The emergence of resistance to anti-parasite drugs should drive our search for drug targets and the mechanisms of resistance. BTT is a case in point, as resistance to buparvaquone, the leading drug treatment for Theileriosis, has been observed across North Africa. Here, we report the discovery of mutations in the TaPIN1 gene in isolates from Sudan. Indeed, 40 of the 67 Sudanese sequences (60%) have a mutation that differs from the TaPIN1 reference sequence. Notably, we report the first independent confirmation of the A53P mutation previously characterized in drug-resistant T. annulata parasites from Tunisia (Marsolier et al., 2015). This result strengthens our initial claim that TaPin1 could be a direct target for buparvaquone as the same functional mutation has now been described in two isolates from distant geographical locations.
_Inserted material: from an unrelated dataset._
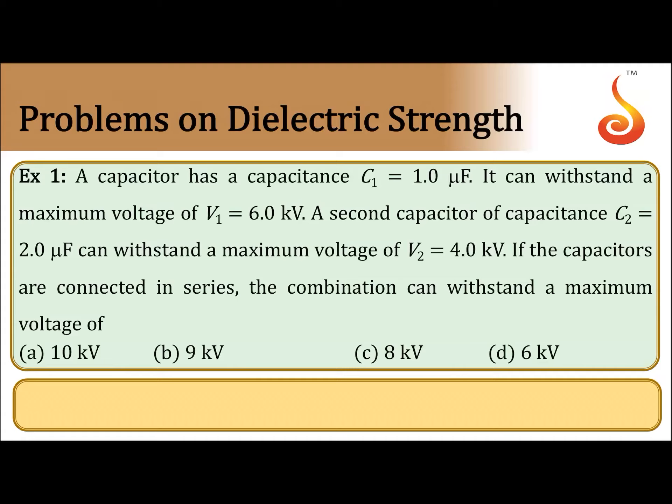The voltage ratings of the capacitors are different, and the capacitances are also different. So let us calculate the maximum charge on each capacitor.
The mutation to Proline in the TaPin1 catalytic loop is likely to induce the conformational alterations affecting access of buparvaquone to the PPlase active site.

We also observed several other mutations, particularly at positions 22, 23, 24 and 26. Interestingly, two of these (T22I and A26L) were also found in the Tunisian samples (Marsolier et al., 2015). These positions are unlikely to affect the catalytic activity directly, but they could affect the secretion, processing or targeting of the TaPin1 protein. As noted previously, the signal peptide sequence is not found in non-transforming Theileria species, but is conserved in T. parva. We do not currently have any experimental evidence that the predicted signal peptide is actually cleaved. It is possible that this N-terminal sequence is critical for targeting to a particular organelle or for proteins interactions, and this merits future investigation. In addition, two sample sequences had a *143Y mutation, representing a change in the STOP codon; it is unclear at the moment what the functional consequences of a longer protein could be.
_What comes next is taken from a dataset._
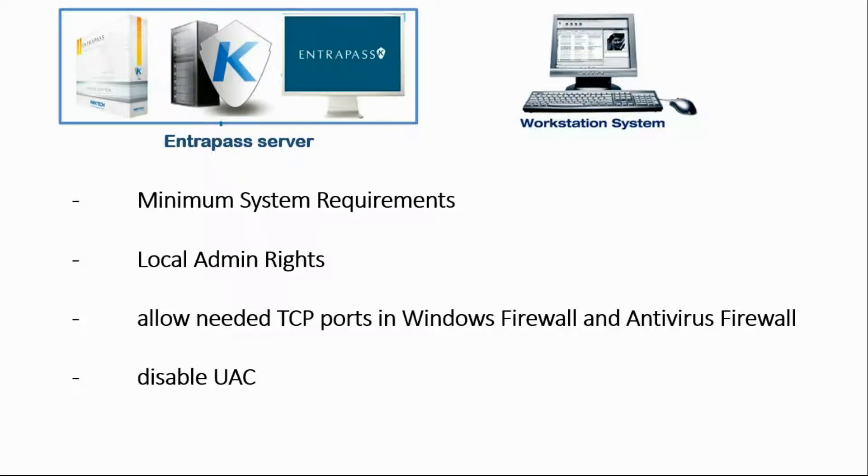Hello everyone. Today we'll take a look at how to get the computer ready before installing the EntraPass software. First, the computer needs to meet the system requirements. Secondly, we need local admin rights on that computer. We need to be able to install, uninstall, make changes, and configuration on that computer. So let's summarize that by saying we need local admin rights.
Another important finding of our study is the overlap with mutations in the T. annulata cytochrome b gene. Several reports have shown mutations in this gene in drug-resistant isolates from around the world (Chatanga et al., 2019; Mhadhbi et al., 2015, 2010). But this is the first time that both genes have been investigated in the same samples and the high degree of overlap suggests that perhaps both genes contribute together to drug resistance. Futhermore, while 40 out of the 67 samples have a mutation in either of these two genes, we currently have no indication of what could account for the bupavaquone-resistance in the other 27 samples, suggesting that additional genes remain to be discovered. Our results highlight the need to develop molecular marker(s) and phenotypic tests to detect the occurrence of resistance and determine its prevalence in the population (Mhadhbi et al., 2015). TaPIN1 and cytochrome b should both be used as markers to screen resistant strains of T. annulata to buparvaquone in field isolates.
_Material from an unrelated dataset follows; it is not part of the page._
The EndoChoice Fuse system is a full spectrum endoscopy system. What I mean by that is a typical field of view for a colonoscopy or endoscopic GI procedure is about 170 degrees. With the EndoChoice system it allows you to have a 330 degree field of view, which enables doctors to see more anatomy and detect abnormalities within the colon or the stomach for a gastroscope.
In conclusion, this study of field isolates from Sudan extends our understanding of buparvaquone resistance in T. annulata parasites. We confirm the importance of the A53P mutation in the catalytic loop and identify additional N-terminal mutations that could affect TaPin1 processing or targeting. Finally, the high frequency of mutations in the TaPIN1 and cytochrome b genes suggests that both genes should be used as molecular markers to detect the spread of resistance in the field across endemic areas in Africa and the Middle East.

Data availability

All data generated or analyzed during this study is publicly available on the Mendeley Data Repository.

Declaration of competing interest

All authors have no competing interests.